A ormai meno di un anno dall’avvio, Expo 2015 rischia di affondare nella palude della corruzione favorita dai contrasti fra istituzioni e forze politiche (soprattutto lombarde) che non potevano non sapere che i ritardi nelle decisioni avrebbero portato a ricorrere alle scorciatoie tipicamente italiane per eludere norme e controlli. Fra finanziarie regionali ad hoc e leggi speciali (nemmeno fossimo stati in presenza di catastrofi) si sono infatti aperti varchi alla discrezionalità dei dirigenti col risultato di dovere commissariare quasi tutti i livelli di responsabilità.

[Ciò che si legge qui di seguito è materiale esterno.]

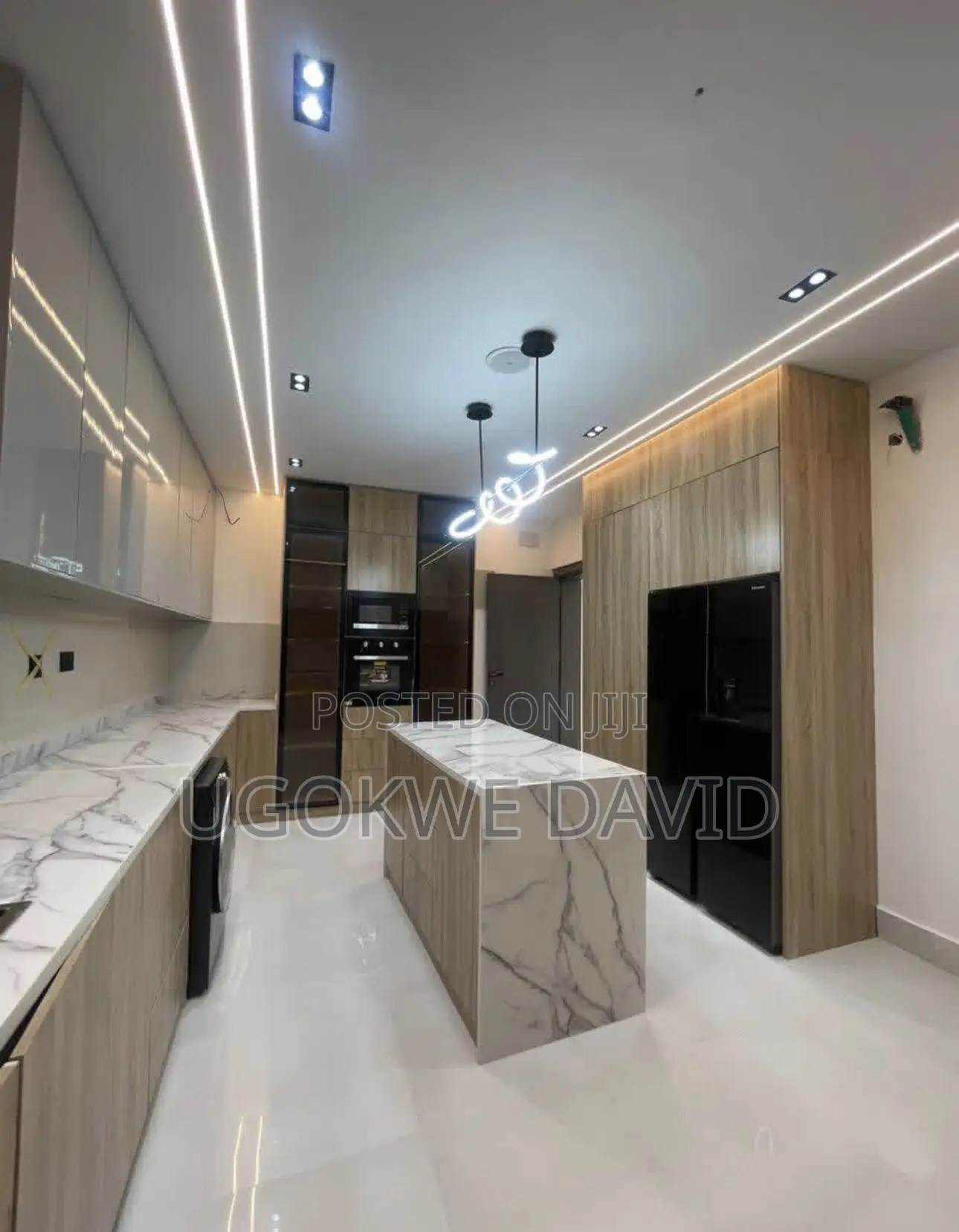 4bdrm Duplex in Independence Layout, Enugu for sale in Enugu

Se qualche Governo avesse sottratto per tempo le decisioni ai politici locali, forse non saremmo a questo punto, ma tant’è. Ora non resta che sperare in un pugno di ferro che tolga la gestione dell’Expo agli incapaci protagonisti delle baruffe dei mesi scorsi, dai Governatori lombardi al sindaco di Milano, garantendo trasparenza e pulizia.
C'è bisogno di sagre autenticheIl problema vero, però, è che
ora si deve riempiere di contenuti la manifestazione e, soprattutto, si deve permettere alla filiera agroalimentare italiana di cogliere le opportunità offerte da Expo. Fra le molteplici proposte sul tappeto ci permettiamo di proporre di fare diventare le “sagre” autentiche uno dei momenti di
vetrina del fuori Expo sul territorio nazionale.
Da anni siamo impegnati in una battaglia per restituire dignità e valore economico e culturale ad appuntamenti che nelle diverse località abbinano la tradizione ai prodotti tipici e alla cucina.
Lo abbiamo fatto anche con un manifesto sottoscritto 4 anni fa da molte associazioni di categoria, ma rimasto per lo più lettera morta. Il disinteresse della politica ha purtroppo fatto degradare progressivamente la situazione al punto che la gran parte delle feste popolari che si presentano come sagre sono solo occasioni per fare business scorretto (a danno di produttori onesti e ristoratori), ingrassando il sottobosco della politica grazie a frodi fiscali e previdenziali, imbrogli alimentari e mancato rispetto delle norme igienico sanitarie.
Una situazione intollerabile di cui oggi si è fatta carico anche l’Unpli, l’Unione delle pro loco (gli unici enti a cui spetterebbe di organizzare sagre autentiche), che non a caso si è attrezzata per garantire organizzazioni serie e certificate da un logo unico in tutta Italia, al punto da lanciare, in occasione di un recente convegno all’Università di Macerata, la proposta di selezionare ogni anno le migliori sagre autentiche per farne esempi di riferimento per tutti.
Ma perché questa ciclopica operazione di pulizia sia efficace, è fondamentale che a livello nazionale si stabilisca per legge che il termine sagra può essere usato solo per eventi seri e con tracciabilità di storia, di cultura e di prodotti. Solo a queste manifestazioni (che devono essere organizzate esclusivamente dalle Pro loco) dovrebbero essere concesse agevolazioni ed eventuali incentivi dai Comuni. Per il resto, dagli amici della Nutella agli scampi in montagna, ognuno può organizzare le feste che vuole. Non ci devono essere però agevolazioni e non si può usare il termine “sagra”.
La Sagra autentica tornerebbe ad essere simbolo dell’Italia delle tradizioni e dei prodotti tipici, garantendo una sicurezza ai consumatori anche in termini di vero km zero e di cucine di territorio, rappresentando fra l’altro una formidabile vetrina per i turisti e per i visitatori dell’Expo interessati a conoscere l’Italia a Tavola più autentica. Con costi quasi zero per lo Stato potremmo in pochissimo tempo bonificare il settore e garantire occasioni di sviluppo serie. Un’opinione del ministro delle Politiche agricole Maurizio Martina non sarebbe sgradita.